= Materials provided =
=====
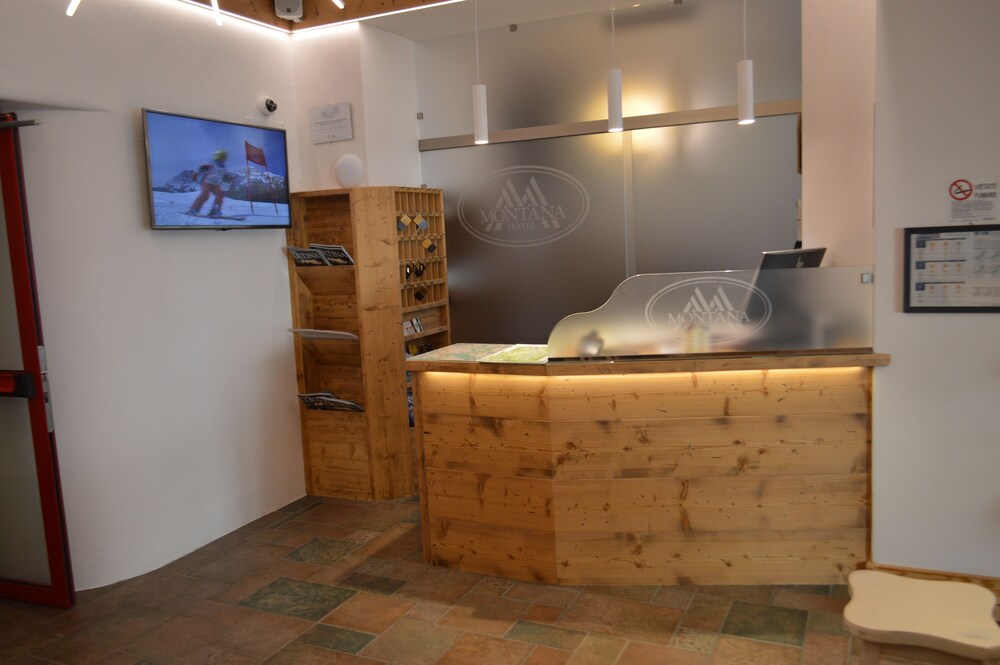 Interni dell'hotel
=====
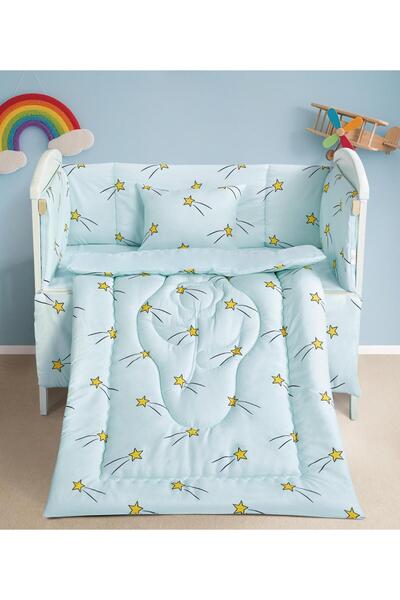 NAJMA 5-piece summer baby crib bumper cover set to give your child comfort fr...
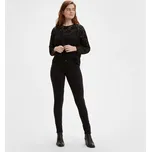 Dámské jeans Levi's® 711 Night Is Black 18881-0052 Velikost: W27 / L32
=====
Lines wanted from the entries above: the one with "NAJMA 5-piece summer", the one with "Dámské jeans Levi's®", and all lines between. Please copy them exactly, without the pictures and without anything else.

 NAJMA 5-piece summer baby crib bumper cover set to give your child comfort fr...
 Dámské jeans Levi's® 711 Night Is Black 18881-0052 Velikost: W27 / L32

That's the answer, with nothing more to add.